Bank’s appeal against refusal to dismiss £26m commercial action against it refused by Inner House

Bank’s appeal against refusal to dismiss £26m commercial action against it refused by Inner House

The Inner House of the Court of Session has refused an appeal by the Bank of Scotland against a commercial judge’s decision not to dismiss a £26 million action raised against it by an insolvent subsidiary alleging that it would not have gone insolvent but for the actions of the Bank as shadow director of the company.

DMWSHNZ Ltd and its liquidators raised the action seeking over £26 million from the defenders on the ground that they were shadow directors of the company in breach of their duties, or alternatively set out a case based on unjustified enrichment.

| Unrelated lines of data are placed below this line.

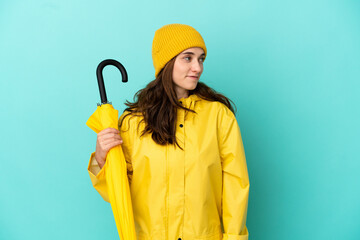 Young caucasian man holding an umbrella isolated on blue background looking side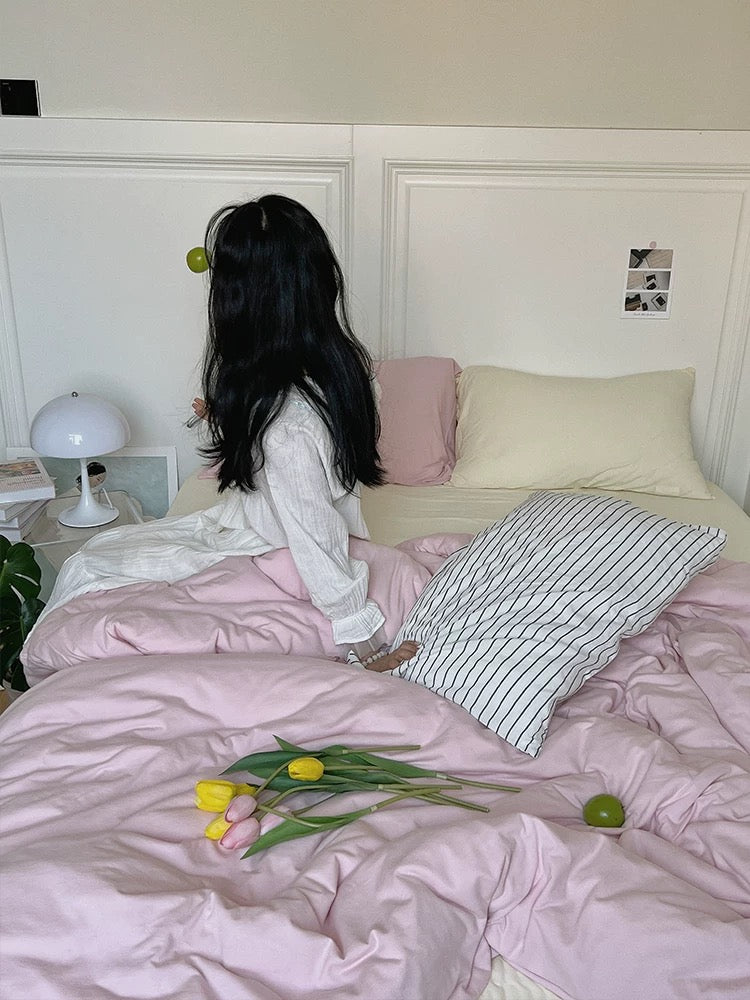 Pink jersey bedding set photographed from the side with a cat on the bed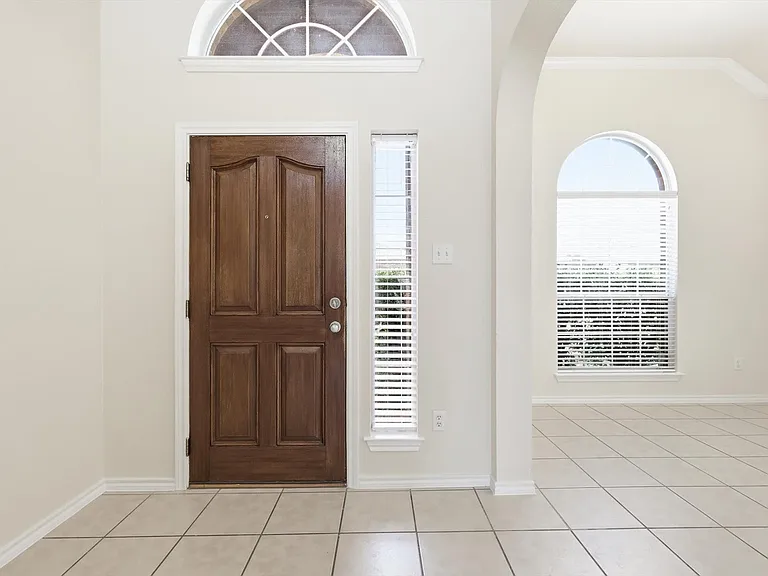Impressive entry. Light & bright colors. As you walk in, the dedicated dining area to the left.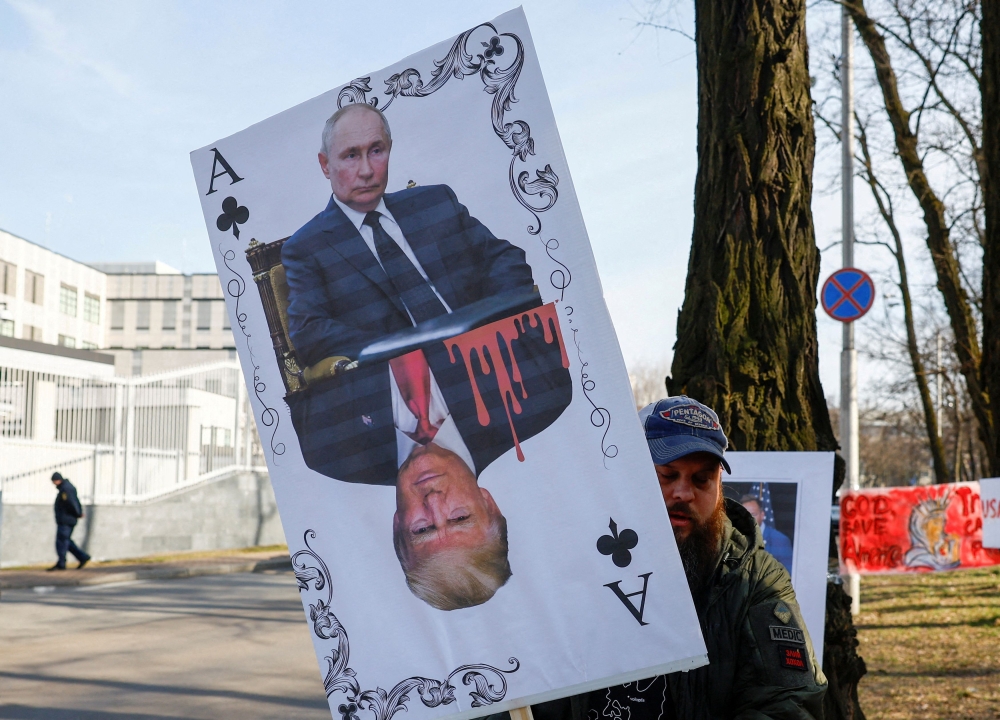 A demonstrator holds a banner depicting a playing card with portraits of Russian President Vladimir Putin and US President Donald Trump, in front of the US embassy in Kyiv, Ukraine March 8, 2025. — Reuters pic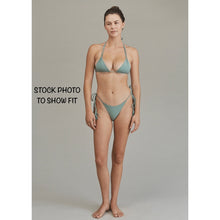 Model wearing Acacia Swimwear Lauie bikini bottom, demonstrating fit and adjustable side-tie tassels in a cheeky cut.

The appeal was heard by the Lord President, Lord Carloway, together with Lord Pentland and Lord Tyre. Borland KC appeared for the defenders and reclaimers, and D Thomson KC appeared for the pursuers and respondents.

Chain of persons

Until 2003, the first pursuer was a subsidiary company of the defenders, who were in turn a member of a group ultimately parented by HBOS plc. In 1998 the first pursuer sold its 100 per cent shareholding in a subsidiary called Countrywide Banking Corporation Ltd for NZ$850 million, giving rise to a tax liability the defenders wished to mitigate.

The defenders sought advice from Ernst & Young plc, which proposed a restructuring, Project Raindrop, under which some of the capital gains would be offset against the losses of an insolvent capital investment trust, GIIT. However, the scheme failed, leaving the company with a tax liability it had no funds to meet and resulting in members’ voluntary liquidation. As part of this scheme, the pursuer purchased shares in a subsidiary of GIIT for the sum of £26,607,758.

In repelling the defenders’ case of irrelevancy, the commercial judge held that the pursuers had averred circumstances in which the defenders exercised real influence over the company capable of satisfying section 741(2) of the Companies Act 1985, as was in force at the material time. In respect of the unjustified enrichment case, he was unable to conclude that the pursuers’ case was bound to fail.

On behalf of the defenders, it was submitted that the key question was whether an instruction given to an administrative receiver appointed to the property of a company could amount to direction of the board of a second company of which the first was a corporate director. The commercial judge’s conclusion ignored the separate legal personalities of the different entities involved and amounted to an error of law.

For the pursuers it was submitted that members of Ernst & Young’s tax team were agents of the defenders, and as such it was the defenders who, through a chain of persons, ultimately instructed the corporate directors to implement the scheme. In respect of unjustified enrichment, the commercial judge was correct to conclude that in these circumstances the defenders might be held to have been enriched at the expense of the first pursuer.

Capable of justifying

Lord Tyre, delivering the opinion of the court, said of the shadow director case: “A peculiarity of the present case is that the company’s directors included no natural persons. It appeared to be the position of the defenders that in such circumstances the shadow director provisions could never apply to it, because any person exercising influence over the corporate directors would have a separate capacity to which their actings had to be attributed. Such an interpretation, if correct, would subvert the purpose of the legislation, even in its present form where at least one non-corporate director is required.”

He continued: “The pursuers’ case is summarised in their averments that ‘in implementing Project Raindrop, GIIT, GIIT 3, and latterly the [company] were controlled by the [receivers]. The [receivers] were, in implementing Project Raindrop, subject to the influence of and acting according to the instructions and directions of the defenders.’ The court agrees with the commercial judge’s view that the foregoing averments, if proved, are capable of justifying the conclusion that the defenders were a shadow director of the company.”

Turning to the unjustified enrichment case, Lord Tyre said: “Lord Rodger [in Shilliday v Smith (1998)] identified two situations in which property had to be restored: where property comes into someone’s hands on a particular basis which then ceases to exist; and where property comes into the person’s hands on the basis of some future event which fails to materialise.”

He concluded: “Whether the pursuers can bring the circumstances of the present case within these or any of the other circumstances in which the law provides a remedy for unjustified enrichment will be a matter for determination after proof.”

The reclaiming motion was therefore refused, and the court adhered to the interlocutor of the commercial judge, allowing a proof before answer.